Quelle stratégie pour Biden face à Poutine ?
Suite à un rapport du renseignement américain évoquant de nouvelles immixtions russes dans la présidentielle de novembre, Joe Biden a menacé son homologue russe de représailles. Poutine "paiera", a affirmé Biden dans un entretien avec la chaîne ABC. A la question de savoir si le président russe était un "meurtrier", Joe Biden a répondu par l'affirmative.
Enrayer le déclin de l'Occident
Biden ne semble pas envisager de relations amicales avec son homologue russe, commente Frankfurter Allgemeine Zeitung :
«C'est la raison pour laquelle Poutine avait approuvé lui-même les mesures censées profiter à Trump lors de la campagne électorale. ... Poutine avait tout intérêt à ce que Trump soit réélu, car celui-ci a rendu possibles des évolutions importantes du point de vue de la Russie (et de la Chine) : la politique américaine a sombré dans le chaos, les liens de Washington avec ses alliés se sont détériorés. Cela se serait poursuivi sous une nouvelle administration Trump. Biden, en revanche, veut enrayer le déclin de l'Occident. Un objectif qui le force à braver ses ennemis.»
Ne pas fermer la porte au dialogue
Polityka appelle Biden à rester mesuré :
«En janvier, juste après son investiture, Biden avait eu un entretien téléphonique avec Poutine, dans lequel, comme la Maison-Blanche l'avait rapporté par la suite, il avait prévenu qu'il réagirait de manière résolue à toute politique inamicale vis-à-vis des Etats-Unis. ... Dans le même temps, Biden avait souligné son intention de continuer à coopérer avec les Russes dans certains domaines. Les deux pays se sont déjà mis d'accord pour prolonger le traité New Start, de réduction des armes stratégiques nucléaires. Ce n'est pas le seul domaine dans lequel un dialogue doit être mené. Si Biden veut relancer l'accord avec l'Iran, il aura besoin de la coopération de la Russie. Toute la question est de savoir si le durcissement de sa rhétorique peut lui être d'un quelconque secours dans les négociations diplomatiques.»
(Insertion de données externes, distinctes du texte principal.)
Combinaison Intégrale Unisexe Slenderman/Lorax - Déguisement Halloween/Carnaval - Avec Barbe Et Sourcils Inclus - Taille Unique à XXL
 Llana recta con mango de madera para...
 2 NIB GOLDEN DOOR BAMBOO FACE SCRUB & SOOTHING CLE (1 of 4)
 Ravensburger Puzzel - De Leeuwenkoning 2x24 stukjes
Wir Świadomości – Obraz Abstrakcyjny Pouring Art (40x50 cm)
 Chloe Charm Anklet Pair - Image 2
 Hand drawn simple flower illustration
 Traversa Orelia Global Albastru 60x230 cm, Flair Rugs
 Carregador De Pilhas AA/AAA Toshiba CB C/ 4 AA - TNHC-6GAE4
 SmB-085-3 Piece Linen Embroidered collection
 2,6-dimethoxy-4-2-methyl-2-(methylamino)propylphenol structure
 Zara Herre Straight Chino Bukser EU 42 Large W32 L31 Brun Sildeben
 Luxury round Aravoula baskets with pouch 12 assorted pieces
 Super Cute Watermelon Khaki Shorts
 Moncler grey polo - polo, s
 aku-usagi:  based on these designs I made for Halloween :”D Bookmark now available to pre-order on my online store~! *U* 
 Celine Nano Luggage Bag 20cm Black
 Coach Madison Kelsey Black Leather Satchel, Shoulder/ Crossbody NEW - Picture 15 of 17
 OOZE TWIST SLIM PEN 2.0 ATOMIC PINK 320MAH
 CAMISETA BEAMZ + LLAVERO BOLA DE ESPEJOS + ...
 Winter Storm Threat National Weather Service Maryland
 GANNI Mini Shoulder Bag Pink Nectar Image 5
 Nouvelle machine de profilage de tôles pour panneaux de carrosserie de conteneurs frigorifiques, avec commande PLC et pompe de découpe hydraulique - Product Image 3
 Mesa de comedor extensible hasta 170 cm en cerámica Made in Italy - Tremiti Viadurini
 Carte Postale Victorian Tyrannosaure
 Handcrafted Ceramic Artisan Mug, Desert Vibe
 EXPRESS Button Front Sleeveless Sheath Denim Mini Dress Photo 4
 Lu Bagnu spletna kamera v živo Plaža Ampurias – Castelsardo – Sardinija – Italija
Un message à la nomenklatura russe
La déclaration musclée de Biden pourrait avoir un certain effet, analyse La Stampa :
«L'administration Biden se range sans hésitation aux côtés du mouvement de protestation mené par Navalny. ... L'offensive des partisans de Navalny a contraint Poutine à transformer son régime : déjà autoritaire, celui-ci est devenu dictatorial en quelques semaines. ... L'attaque frontale portée par la Maison-Blanche risque donc de faire monter d'un cran le niveau de répression en Russie, et d'affecter ceux-là mêmes que l'Amérique cherche à soutenir. Mais cette répression, paradoxalement, pourrait précipiter la fin d'un régime qui ne dispose pas de beaucoup de ressources - économiques ou politiques. Voilà le véritable message de Biden à Moscou. Ses véritables destinataires, ce sont les membres de la nomenklatura poutinienne, qui sont en train de se rendre compte que leur leader, vu comme une solution, est en train de se transformer en problème.»
L'amère vérité
En Russie, on évoque surtout la réponse tranchée de Biden à la question de savoir si Poutine est un meurtrier. Ekho Moskvy commente :
«Au sens juridique du terme, Poutine n'est évidemment pas un meurtrier. Il n'a poignardé ni abattu personne. Il n'y a aucune preuve indiquant qu'il aurait donné de tels ordres ou bien qu'il les aurait approuvés. Cela le différencie du reste clairement de Staline. ... Mais Poutine est le garant d'un système [dans lequel on assassine]. La situation se détériore d'année en année - et qui peut-on mettre à l'index, si ce n'est la personne la plus importante du pays ? Mais le dire à voix haute, même indirectement, cela est dangereux en Russie. Biden, pour sa part, l'éructe à la façon d'un cowboy, sans se soucier aucunement de la bienséance et de la diplomatie.»